Also see: Resources on Fasting During Pregnancy
Our rabbi made an amazing statement this past Shabbat: Pregnant women and nursing mothers whose babies are solely dependent on their mothers’ milk (including babies who take a small amount of solids, generally until 8 or 9 months) must not fast on Yom Kippur. Nursing mothers (and presumably pregnant women; I didn’t hear that part of the speech), , should eat and drink in shiurim starting Yom Kippur morning, and not wait until they have symptoms or see signs of distress in the baby. He said that he based his opinion on a ruling by the Hazon Ish.

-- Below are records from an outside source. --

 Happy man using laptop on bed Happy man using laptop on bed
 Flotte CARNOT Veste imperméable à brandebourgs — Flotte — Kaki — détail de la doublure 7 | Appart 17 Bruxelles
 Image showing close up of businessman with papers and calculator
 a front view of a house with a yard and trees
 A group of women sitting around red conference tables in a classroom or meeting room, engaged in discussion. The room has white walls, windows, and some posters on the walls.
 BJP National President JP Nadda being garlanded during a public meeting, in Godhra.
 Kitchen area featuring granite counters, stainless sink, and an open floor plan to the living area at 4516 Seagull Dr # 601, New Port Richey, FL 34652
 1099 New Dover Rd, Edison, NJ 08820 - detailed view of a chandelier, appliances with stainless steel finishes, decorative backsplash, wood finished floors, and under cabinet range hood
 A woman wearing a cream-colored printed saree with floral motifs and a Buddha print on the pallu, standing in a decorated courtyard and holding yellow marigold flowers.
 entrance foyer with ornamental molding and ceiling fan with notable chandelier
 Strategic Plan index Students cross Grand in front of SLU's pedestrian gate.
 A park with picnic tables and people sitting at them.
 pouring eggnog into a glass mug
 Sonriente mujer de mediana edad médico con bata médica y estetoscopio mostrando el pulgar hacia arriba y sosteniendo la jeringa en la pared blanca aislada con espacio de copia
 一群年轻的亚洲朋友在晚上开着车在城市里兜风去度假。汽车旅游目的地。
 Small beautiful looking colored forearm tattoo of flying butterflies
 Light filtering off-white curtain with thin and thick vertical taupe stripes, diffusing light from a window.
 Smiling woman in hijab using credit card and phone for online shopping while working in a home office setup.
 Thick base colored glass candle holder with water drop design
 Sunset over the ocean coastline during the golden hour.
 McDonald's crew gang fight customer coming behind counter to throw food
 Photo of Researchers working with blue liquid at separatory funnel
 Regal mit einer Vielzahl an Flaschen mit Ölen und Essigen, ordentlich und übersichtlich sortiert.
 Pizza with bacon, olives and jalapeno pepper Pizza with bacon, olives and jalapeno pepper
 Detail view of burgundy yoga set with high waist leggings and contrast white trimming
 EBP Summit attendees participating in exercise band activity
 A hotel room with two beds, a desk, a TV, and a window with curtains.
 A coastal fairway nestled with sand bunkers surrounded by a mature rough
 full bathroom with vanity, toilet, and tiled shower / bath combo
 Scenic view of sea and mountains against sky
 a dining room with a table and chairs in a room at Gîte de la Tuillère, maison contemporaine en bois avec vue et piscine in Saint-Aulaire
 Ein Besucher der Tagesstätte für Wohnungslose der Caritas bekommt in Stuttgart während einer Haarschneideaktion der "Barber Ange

Yoatzot.org’s article on breastfeeding and Yom Kippur contains an explanation of shiurim, and a more mainstream opinion about fasting.
I have always fasted during pregnancy and breastfeeding with no complications. Once on the 9th of Av I was in late pregnancy and the rabbi said to eat and drink with shiurim. The rabbi on Shabbat made the point that while drinking in shiurim, a woman should maximize calories and nutrition by choosing a drink like orange juice over water.
Most nursing mothers make more than enough milk, so their babies do well even if the fast causes a drop in supply. The babies usually reverse this by nursing extra the night and day following the fast. However, in my years counseling nursing mothers I have come across a few babies and mothers who suffered terribly by the end of the fast. I just heard a typical example: A mother was home with a toddler and baby. The baby didn’t stop crying, and the mother was in no shape to shlep the kids to shul and ask a rabbi about breaking the fast. Sometimes a mother knows her supply is low or borderline, or she fasts badly in general, so she asks a question in advance about how to handle it. But often, there is no way to predict when the situation will get out of hand. Our rabbi’s approach is one way to avoid this scenario.
Nursing mothers and their babies are intricately connected. If the mother isn’t producing enough milk for her baby, the mother may be severely dehydrated. Even if the baby will take other food at this point, the mother may need to break her fast for her own health.
The baby is getting enough milk if his diaper output is more or less normal.
Mothers with twins, insufficient milk supply, or who are exclusively pumping are more likely to notice a difference in supply during a fast.
Before 9 Av, a rabbi wrote in one of the “parsha sheets” distributed in synagogues each Friday that a nursing mother should alternate formula supplements with nursing throughout the day. This is bad advice for several reasons: Introducing formula early can trigger allergies and lower supply. Skipping feedings can cause engorgement, leading in turn to a plugged duct and subsequent infection. Skipping feedings can also affect breastfeeding infertility.
When a mother’s breast is full and her baby is crying, she wants and needs to nurse her baby. A fast day is not the time to begin weaning. Non-emergency weaning should always be gradual, relaxed and accompanied by lots of cuddling and attention.
I don’t believe that Judaism is about replacing a warm breast with a bottle in order to follow the strictest letter of the law. As “anonymous mom” put it on an Orthonomics comment thread about women who leave their children to go to shul: “Our worship is caring for and educating our precious children.” Fasting is a religious obligation, but so is nurturing our children.
An alternative for nursing mothers who do plan to fast entirely is to begin building up milk supply by pumping once or twice a day a few days in advance, so that by the time Yom Kippur comes around the body will be making extra milk and any drop in supply won’t be felt. They will also have breastmilk on hand if required. Keep in mind, though, that supplements of any kind, including pumped milk, lower supply, so avoid it unless your baby really needs it.
Whether nursing mothers eat in shiurim or fast completely, they need to rest as much as possible. Mothers of older babies produce more milk, and they have to run after active babies, so fasting can be harder for them even if their babies do eat some solids. (Remember that babies who nurse on cue continue to get most of their calories from mothers’ milk until 12 months or so.) Preparing kids’ food in advance and planning activities to occupy them can make a huge difference. If you are lucky, you can find a mother’s helper to play with the kids for a while. And many rabbis rule that if the woman can’t fast without help for the kids, the husband should stay home from shul.
Above all, have a plan in case things are not going well.
Wishing you all a Gmar chatimah tovah. May you be sealed in the Book of Life for the coming year.